● **Material for this task**
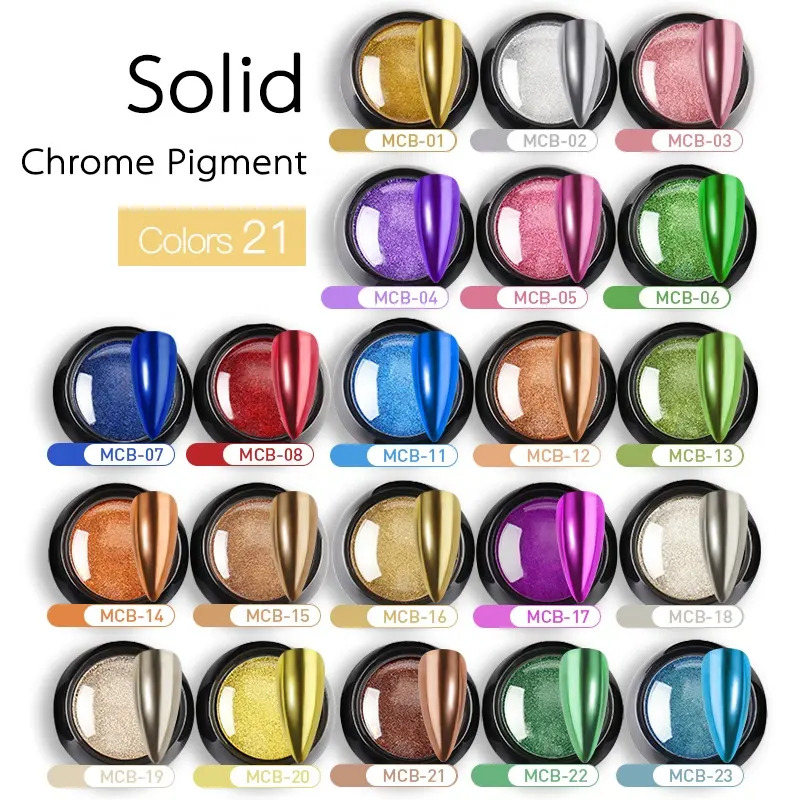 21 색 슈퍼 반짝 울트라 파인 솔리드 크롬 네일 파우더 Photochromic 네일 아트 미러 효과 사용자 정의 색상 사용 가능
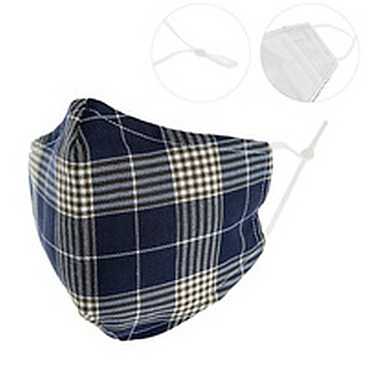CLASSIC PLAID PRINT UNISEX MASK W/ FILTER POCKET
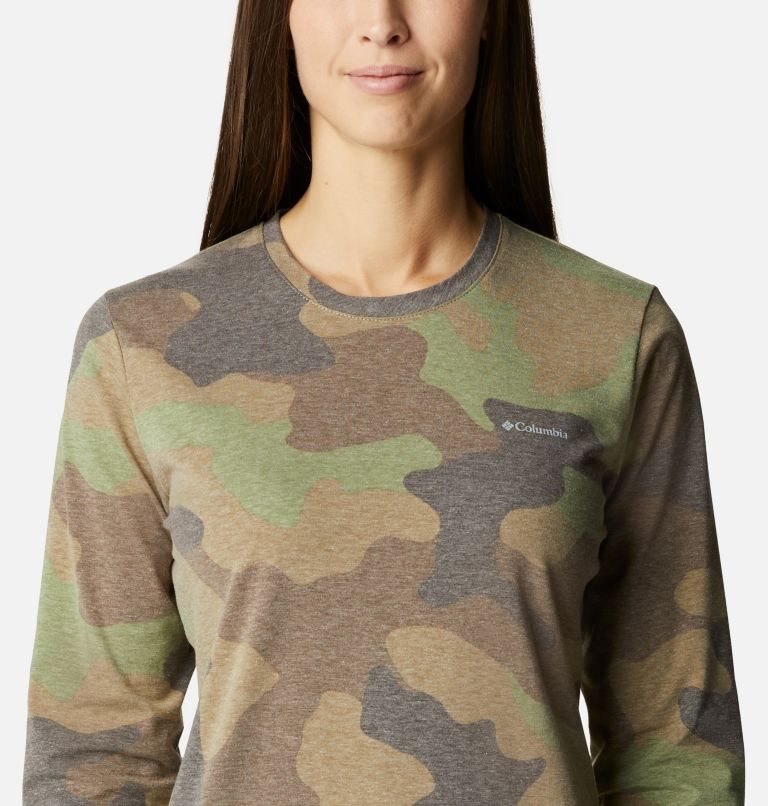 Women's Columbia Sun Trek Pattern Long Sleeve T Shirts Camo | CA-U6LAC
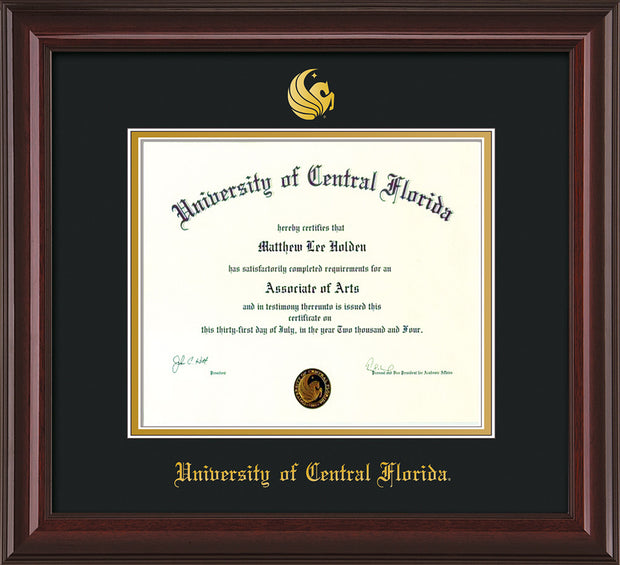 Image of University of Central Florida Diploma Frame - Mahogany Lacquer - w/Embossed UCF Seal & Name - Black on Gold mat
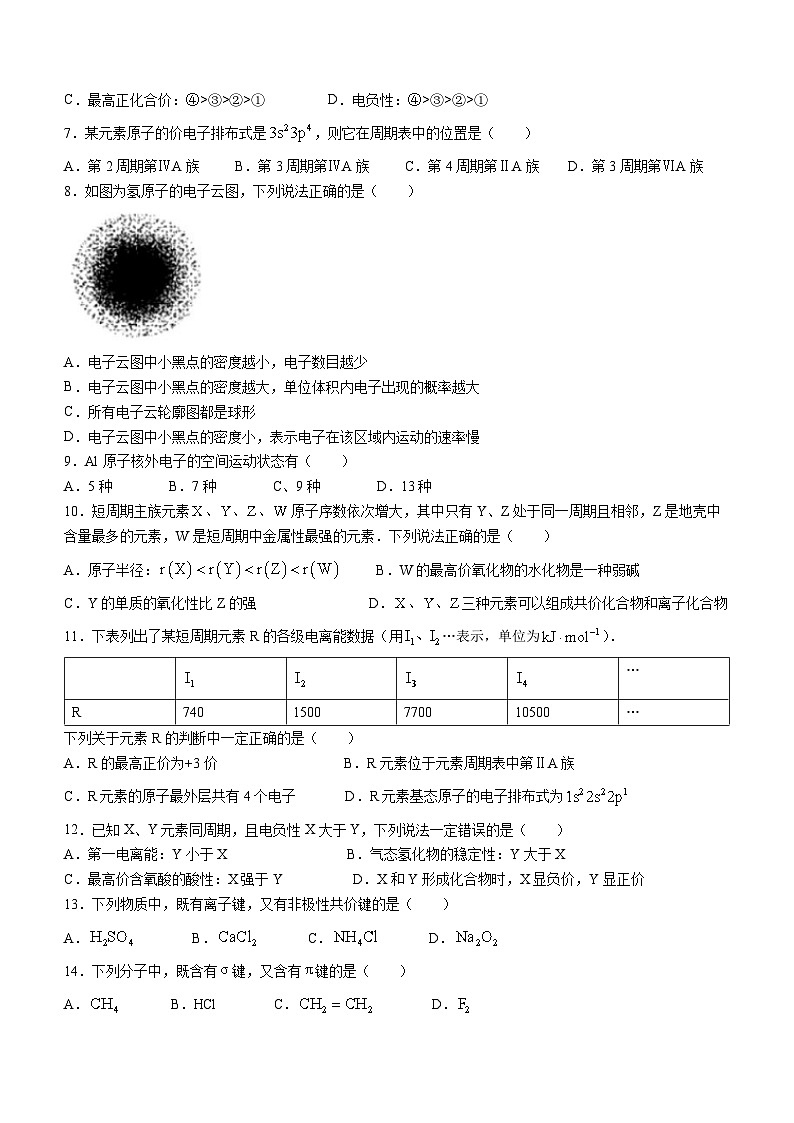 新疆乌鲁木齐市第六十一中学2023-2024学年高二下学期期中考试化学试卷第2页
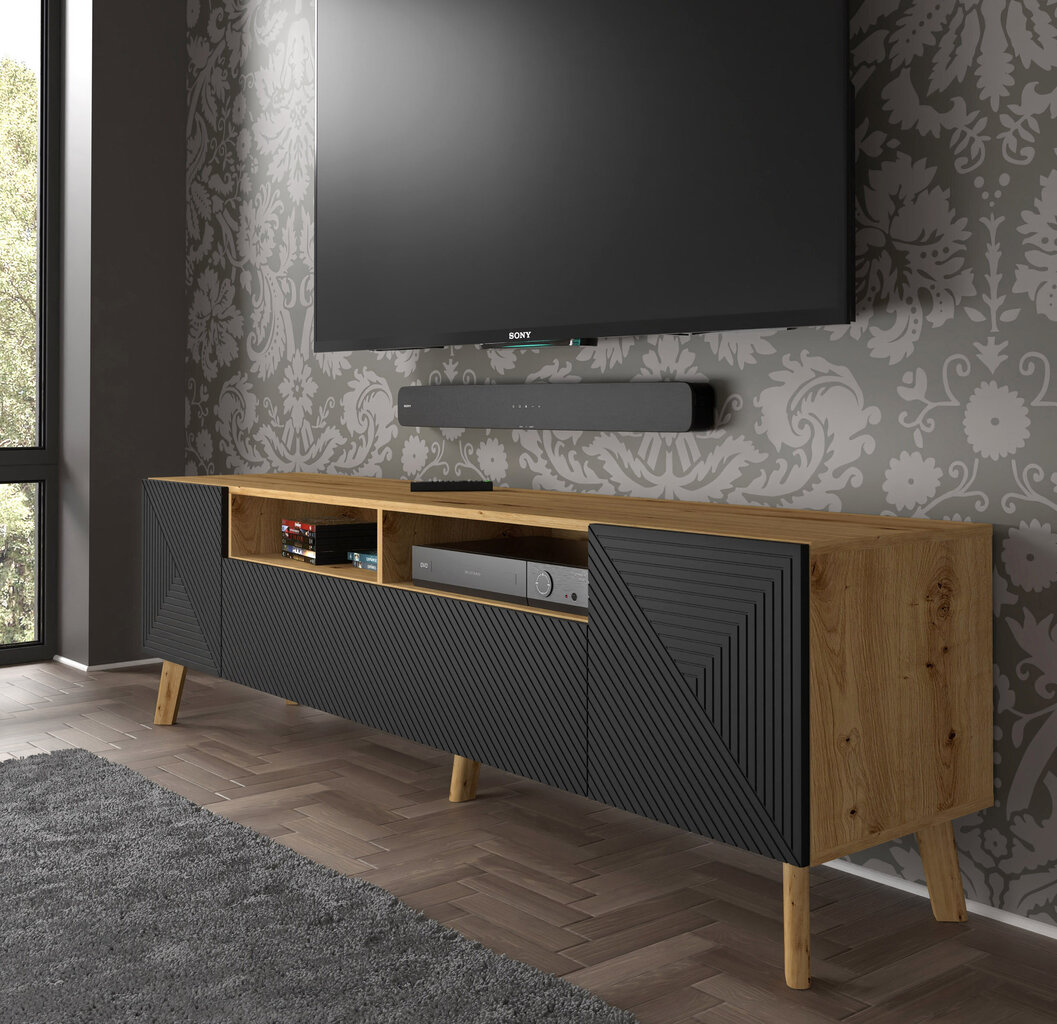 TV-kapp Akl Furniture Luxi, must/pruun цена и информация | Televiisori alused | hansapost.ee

--

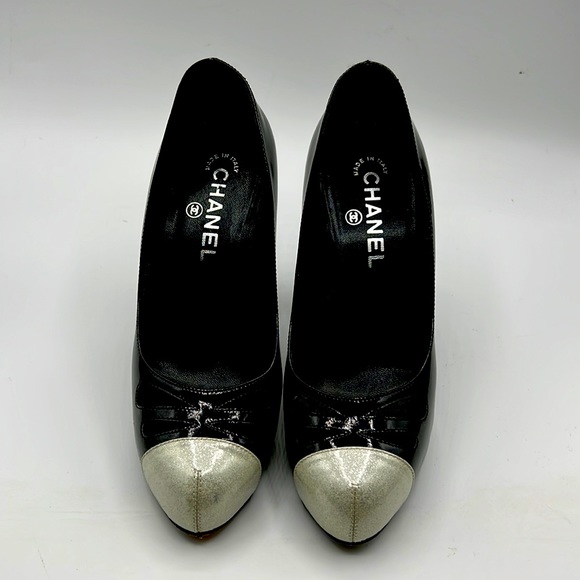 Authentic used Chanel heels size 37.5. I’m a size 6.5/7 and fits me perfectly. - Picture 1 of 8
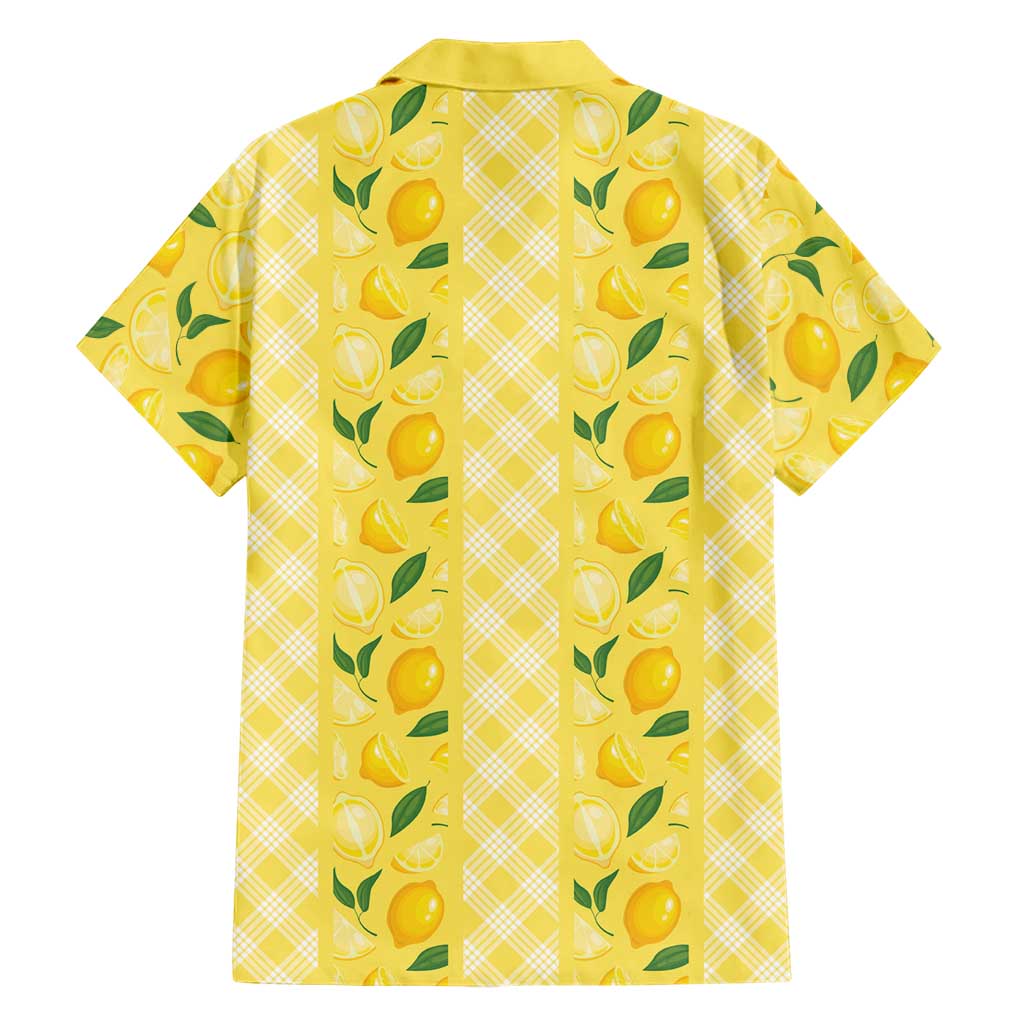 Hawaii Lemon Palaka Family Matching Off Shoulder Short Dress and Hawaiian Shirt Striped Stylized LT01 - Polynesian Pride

● **Work task**
Give back exactly, and solely, the section of the data above bounded by the line containing "21 색 슈퍼 반짝 울트라" and the line containing "TV-kapp Akl Furniture", both bounding lines included and pictures omitted.

● **Answer for this exercise**
 21 색 슈퍼 반짝 울트라 파인 솔리드 크롬 네일 파우더 Photochromic 네일 아트 미러 효과 사용자 정의 색상 사용 가능
CLASSIC PLAID PRINT UNISEX MASK W/ FILTER POCKET
 Women's Columbia Sun Trek Pattern Long Sleeve T Shirts Camo | CA-U6LAC
 Image of University of Central Florida Diploma Frame - Mahogany Lacquer - w/Embossed UCF Seal & Name - Black on Gold mat
 新疆乌鲁木齐市第六十一中学2023-2024学年高二下学期期中考试化学试卷第2页
 TV-kapp Akl Furniture Luxi, must/pruun цена и информация | Televiisori alused | hansapost.ee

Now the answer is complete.